Could militant insurgencies combine?

By July 4, 2014
(Photo courtesy Refugees International)

(Photo courtesy Refugees International)

Iraq (MNN) — Iraq is edging closer to becoming a failed state. The new parliament failed to elect a Speaker, which means no movement on choosing the new president, who names a presumptive prime minister. Essentially, Iraq has no functioning government, an active insurgency, and a Level 3 humanitarian crisis.

On Day 1 of Ramadan, Islam’s holiest month, the Islamic State of Iraq and Syria announced a Caliphate. A Mission Network News story about this alarming development got very little traction because many readers didn’t know what a caliphate was.

Todd Nettleton, spokesman for The Voice of the Martyrs USA, explains that it’s an Islamic state led by a supreme religious and political leader known as a caliph or a successor to Muhammad. “It’s basically an area that is controlled by them. They would lay down the law in the civil sense of what the regulations are and how the country works. They would also lay down the law religiously.”

This is having a direct impact on Christians in area. Most of them are either being subjected to unreal brutality or are fleeing. There is almost nothing left of a remnant church in Iraq. The stated goal of the Islamic State was to create a Caliphate, which is sounding familiar tones with similar insurgencies.

Both the Boko Haram and al-Shabaab have been wreaking havoc in Nigeria and Somalia, respectively. With the same objective governing the militants, what would happen if the three groups came together to increase the borders of the Caliphate in Iraq?

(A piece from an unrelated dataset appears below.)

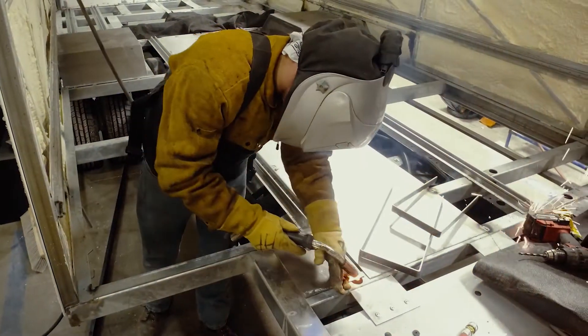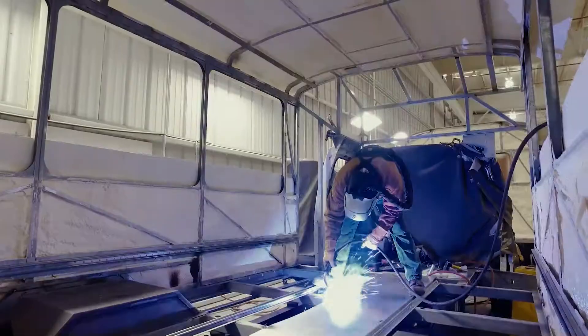WorldTrans buses utilize spot welding in key locations to reduce labor and increase the repeatability of the welding processes.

Nettleton doesn’t think that would be likely. He explains, “When you think about ISIS and Boko Haram or Boko Haram and al-Shabaab coming together and working together, can they come together in some things? Absolutely. Can they share expertise, can they share weaponry? Sure. But when it comes right down to who’s going to be in charge, that’s a very significant question. It would take some finesse for one of the leaders to really bow to the authority of another leader.”

Meanwhile, ISIS instituted the jizya, a poll tax, on Christians in the areas they control in an attempt to put pressure on them and displace them from the city. Tens of thousands chose to flee. The United Nations reports that over a million Iraqis have been displaced since January 2014. Right now, the most pressing need for the refugees and Internally Displaced Peoples are food, water, and shelter.

Nettleton says help is needed just to keep the survivors alive. “People here in the United States pack relief packs. We call them ‘Action Packs.’ We have delivered them into the Middle East, specifically targeting Christians who have left Iraq and left Syria.”

(Photo courtesy Voice of the Martyrs)

(Photo courtesy Voice of the Martyrs)

Here’s how it works: click the link to get started. If you want to fill the Action Pack, VOM will send you a special pre-printed vacuum bag to be filled with items you select from the list included with your pack. After you’re finished packing the bag, ship your Action Pack back to VOM, and they’ll distribute it along with a Bible or Gospel storybook to the country that currently needs Action Packs the most.

Nettleton adds, “We can provide Bibles, we can provide encouragement, and I think one of the key things that we do is serve as a voice for them. [We] tell their stories and remind the American Church: ‘These are our brothers and sisters. They are suffering. We need to be in prayer for them.’

“If one member suffers, all suffer together; if one member is honored, all rejoice together” (1 Corinthians 12:26).